By Mandeep Bhandal, on 28 January 2013
ISRS Senior Researcher, Jas Mahrra provides an assessment of Cyprus – a strategic country connecting three continents.
Cyprus is a strategic country connecting three continents. It also has the possibility of reigniting an EU financial contagion if decisive action is not taken. Following our Net Assessment Bulleting (NAB) warning in November 2011 this is a slightly updated assessment:
~ Cyprus: Reigniting the contagion
Its exposure to the Greek debt and lending to the Greek private sector, as well as fiscal and structural problems within the island’s economy resulted in all three major credit rating agencies downgrading Cyprus to junk status.
The Cypriot taxpayer faces the prospect of a possible bank bailout package in the region of €10 billion, the equivalent to over 50% GDP of Cyprus. As a proportion of GDP it is one of the largest bailouts ever.
Russia offered a rescue package of a €2.5 billion loan to the Cypriot Government. As one of the main foreign direct investors into Cyprus, this loan is seen as a means of continuing investment.
~ UK & Russian Presence: geo-strategic positioning
Cyprus is a key financial centre for many Russian business elites but a large number of Russian nationals reside in Cyprus (estimates are between 8,000 and 40,000). The incentives for Russia rescuing Cyprus are obvious, less so, is the geo-strategic advantage. Russia’s only naval base in the Mediterranean is the Syrian port of Tartus which is no longer assured. Russia will do its utmost to maintain its only foothold in the Mediterranean. Cyprus could be the answer.
Although Cyprus gained independence in 1960, the UK has retained two Sovereign Base Areas indefinitely. These two sites provide the gateway to the Middle East. If tensions mount with Turkey and the Middle East, the UK could find itself at the interface of yet another uprising.
~ Economic / energy conflict: beyond Turkish-Cypriot dispute?
Cyprus until recently had no proven natural resources. The discovery of potentially 122 trillion cubic feet of gas in the Levant Region of the Mediterranean changes the regions energy zone. Cyprus is a bridge between three continents and has the potential to become a major destabiliser as tensions go beyond a Turkish-Cypriot dispute.

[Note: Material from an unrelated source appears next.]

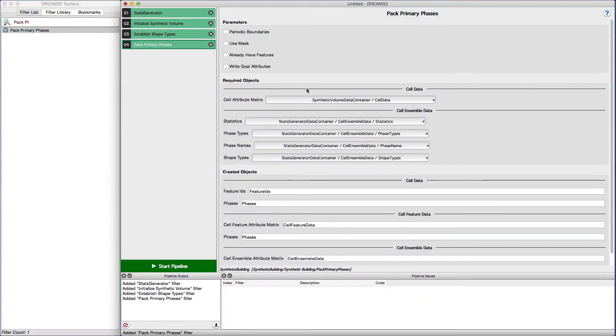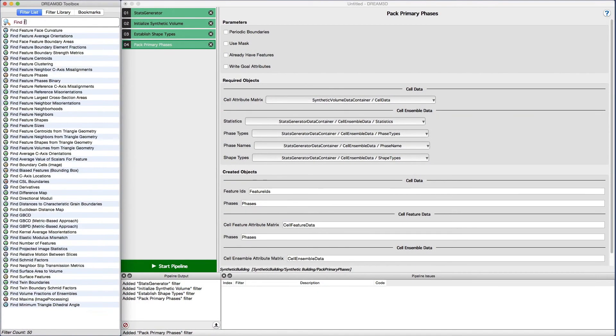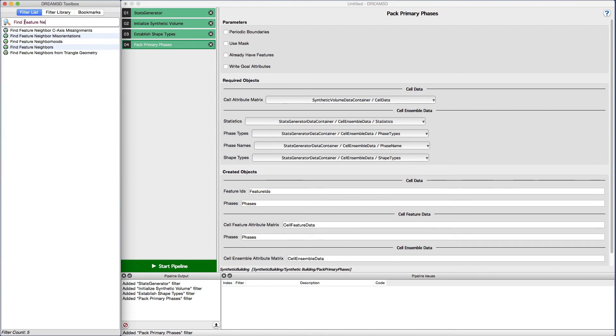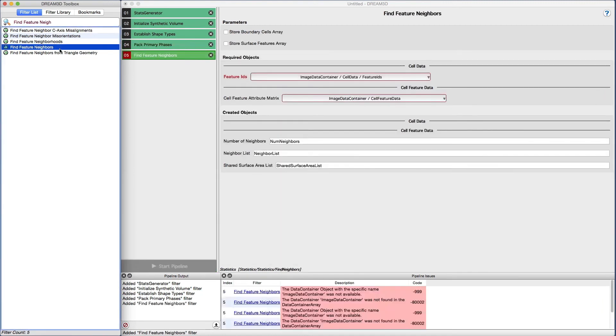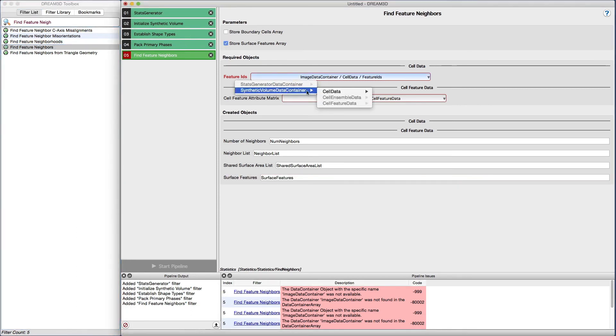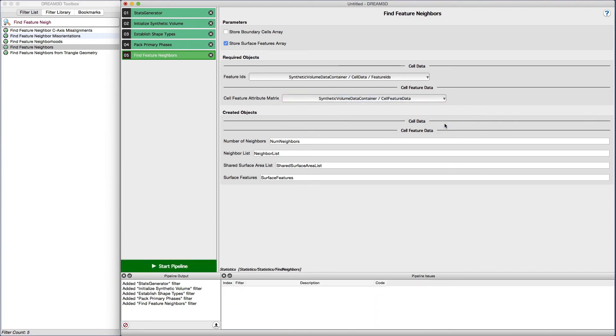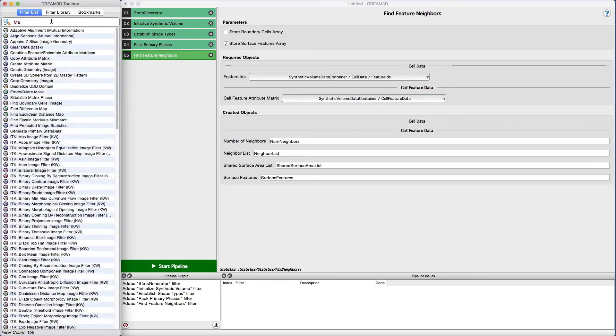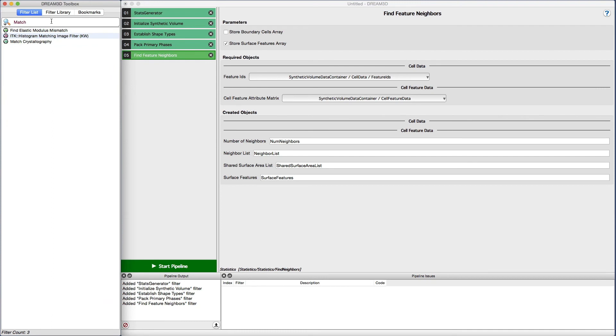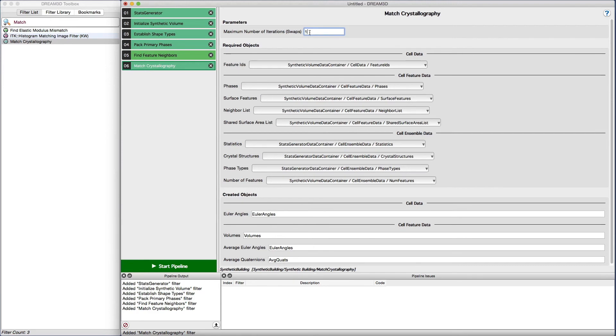The next filter to add is the find feature neighbors filter. With this filter we have some selections to make. We should select the store surface features array and select the proper feature IDs and cell feature attribute matrix values. The next filter is the match crystallography filter. We set the maximum number of iterations to 100,000 and accept all the other default values.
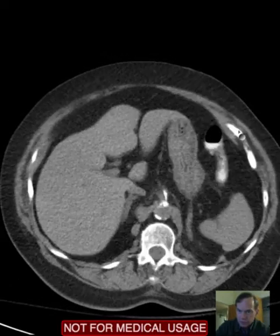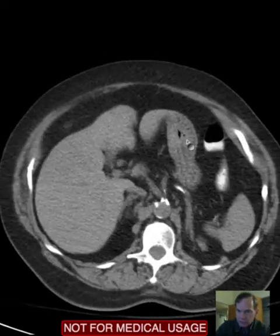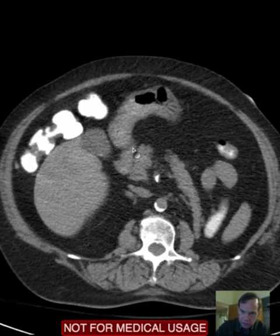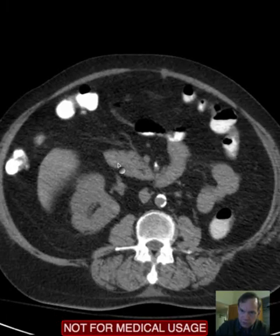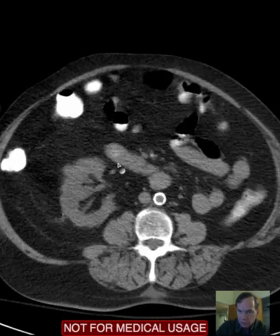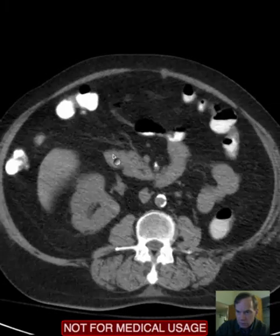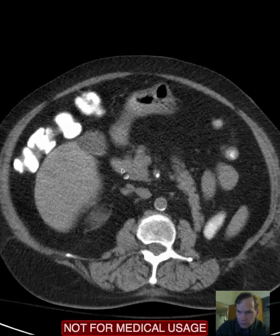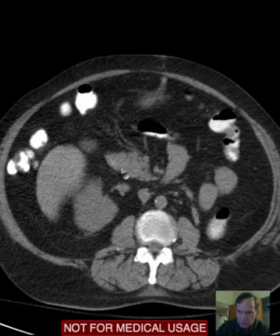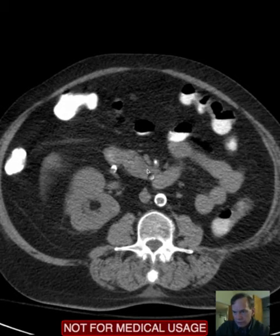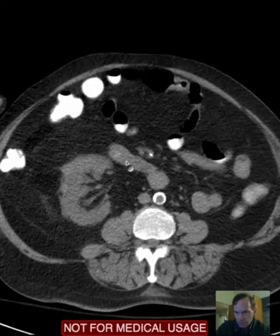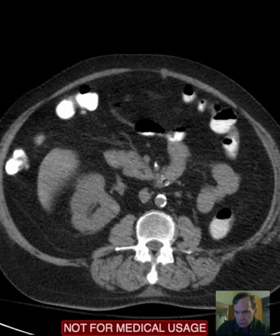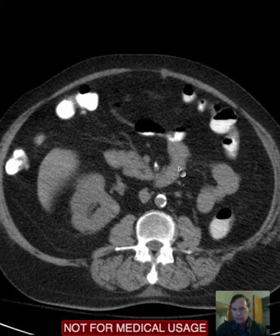Another way to evaluate bowel is to start proximally and follow it distally. Here's the stomach, which should empty into the duodenum — first into the first portion of the duodenum, the duodenal bulb. The bulb is right around here; it's very small in this case. Then you have the second portion of the duodenum, which is right next to the pancreatic head. Then that turns as the third portion of the duodenum, and then courses superiorly as the short fourth portion of the duodenum.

Israel has deepened its ties with Greece and has agreed with Cyprus on delimiting respective Exclusive Economic Zones and co-operating in oil and gas exploration. This energy find is a real revenue prospect for Cyprus but political policy decisions mean that funds are unlikely to materialise as quickly as Cyprus needs. Rather than building a pipeline to Turkey the plan is to export via an LNG terminal, which has not been built.
Turkish-Israeli relations have soured since the flotilla crisis where Turkish citizens were killed and tensions were raised soon after the first test drilling started last year. Turkey also started its own drilling exploration as they looked to enhance their own energy and economic agenda.

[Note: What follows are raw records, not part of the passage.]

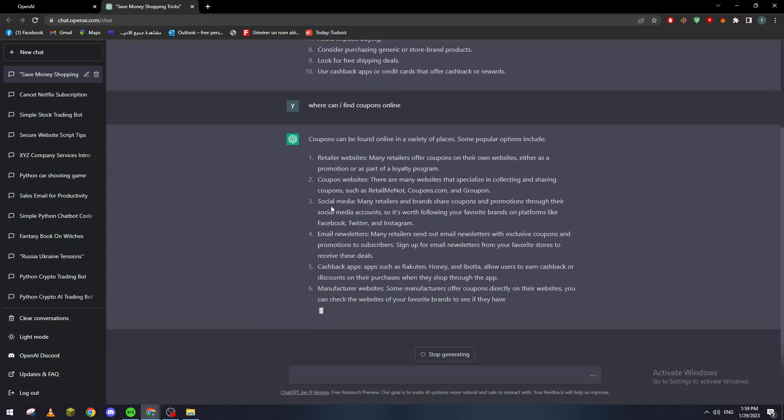There's also social media, email newsletters, cashback apps, and manufacturer websites.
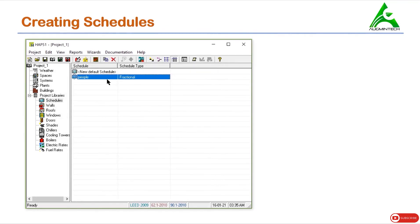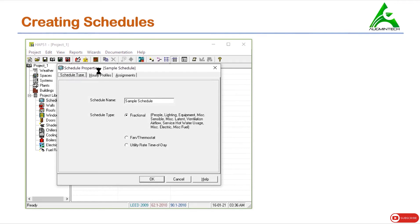This is how we create a schedule for people. In the same way, we can also create a schedule for lights. It is possible that the lights in the conditioned space follow the same schedule as people, but it is also possible that the functioning of lights may differ. So we can define a separate profile for lights. Click this option and name it the lighting profile. This will also have fractional values, so we select that option.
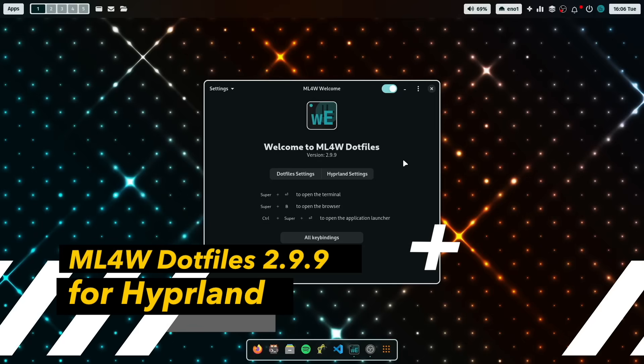Hello everyone and welcome back to my channel. The new version 2.9.9 of the MyLinux4Work dotfiles for Hyperland is now available for you to download.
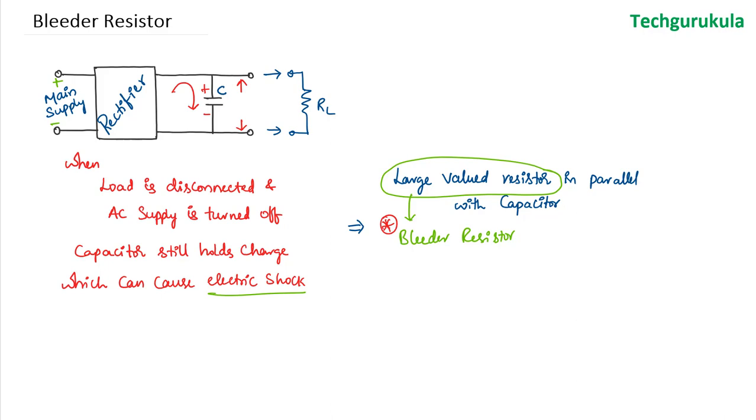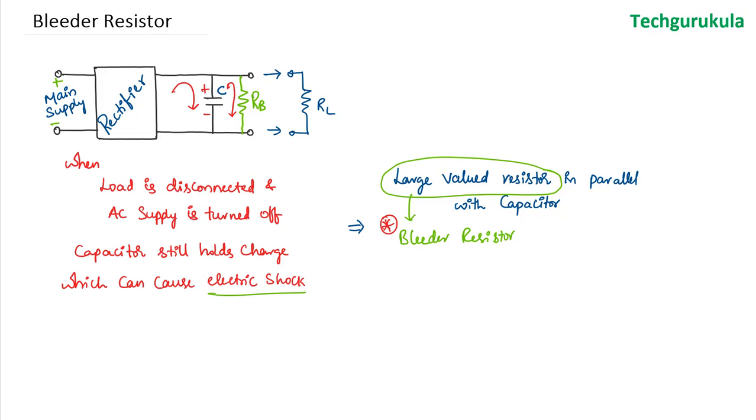So now let me show that resistor here. Let me call that RB. Now when the load resistor is not connected at the output of the capacitor filter, the capacitor can discharge when the diodes are reverse biased where they are open circuit. There would be a discharge path for the capacitor so that it would not hold charge when the main supply is off.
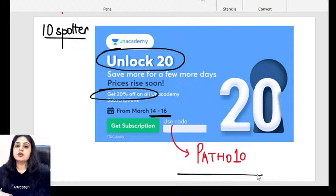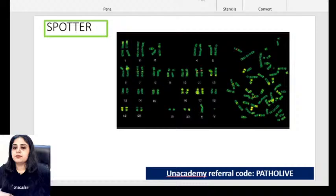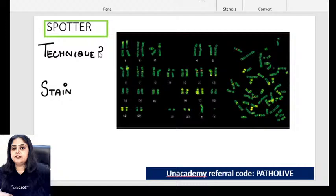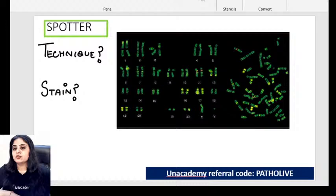Spotter number one — starting with something simple. You need to tell me: what is the technique that has been used here, and what is the stain used for this technique? Those are your two questions for spotter one. No options given, because with options it becomes very simple.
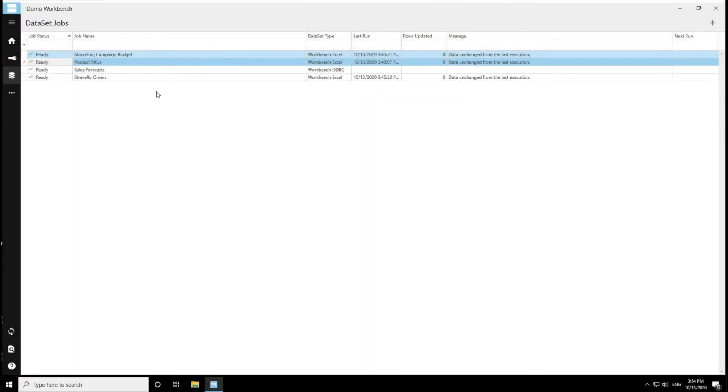This video is to run through how to take over a connector data set using Workbench. So to do that, I'm going to click into one of my jobs.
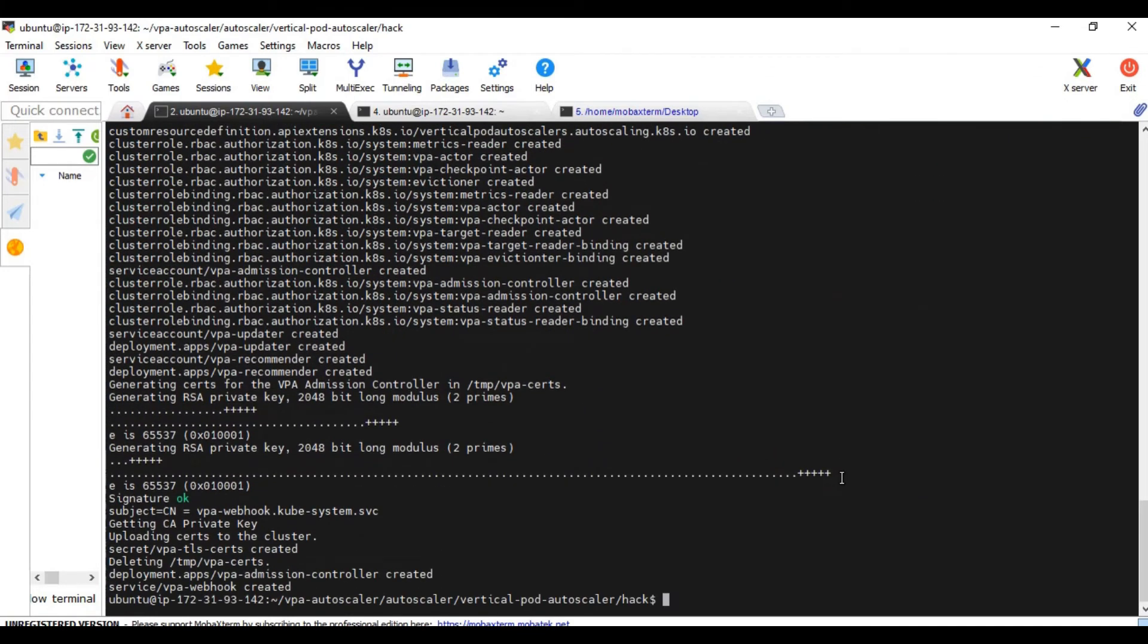It has created all the required objects, resources, everything has been created. A couple of deployments.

Turkish citizens no longer support the country’s EU membership. Turkey is moving eastwards, towards closer Turkish-Arab relations. It has much to occupy its attention with concerns for political demands from the Kurdish community (Iraq Kurdish Region may have been overplayed and the assassination of three Kurdish women in Paris derailing Turkish Government and Kurdish talks) and a civil war neighbouring on its border, in Syria.
The EU won the Nobel Prize for peace and can ill-afford Turkey disengagement. If Turkey moves away from democratisation at the same time that EU countries close off the nuclear power option, (Turkey is an energy corridor which the EU can ill-afford to lose), then this becomes a dangerous situation just as the Arab awakening is reshaping the balance of power in the region.
~ Germany: What is their decisive move?
Much of Germany’s wealth has been accumulated over the years through trade deficits other (mostly periphery) countries have run with Germany. Products have been dumped and the Landers Banks have provided credit to countries that could not be sustainable.
Germanyand its citizens are loath to bail out yet another government or foreign bank. Much depends on the outcome of the next general election. Whilst Angela Merkel retains much of her popularity, her premiership is not guaranteed as the prospective SPD dominated coalition is no longer certain.
The recent leaked report by its intelligence service which estimates that Russian’s oligarchs and ‘Mafiosi’ will be the prime benefactors of any bailout make any appeal to its citizens to support financial assistance unlikely. Angela Merkel has been steadfast in her decision that the EU must be saved at all costs. Will it stretch to supporting the investments of Russian oligarchs?
June 2012,Cyprusturned to the troika of EU, the ECB and the IMF for emergency aid of €10 billion. In turn, the troika have demandedCyprusreform its economy. Germany is insisting that the EAC (Electricity Cyprus) is sold off to pay Cypriot debts.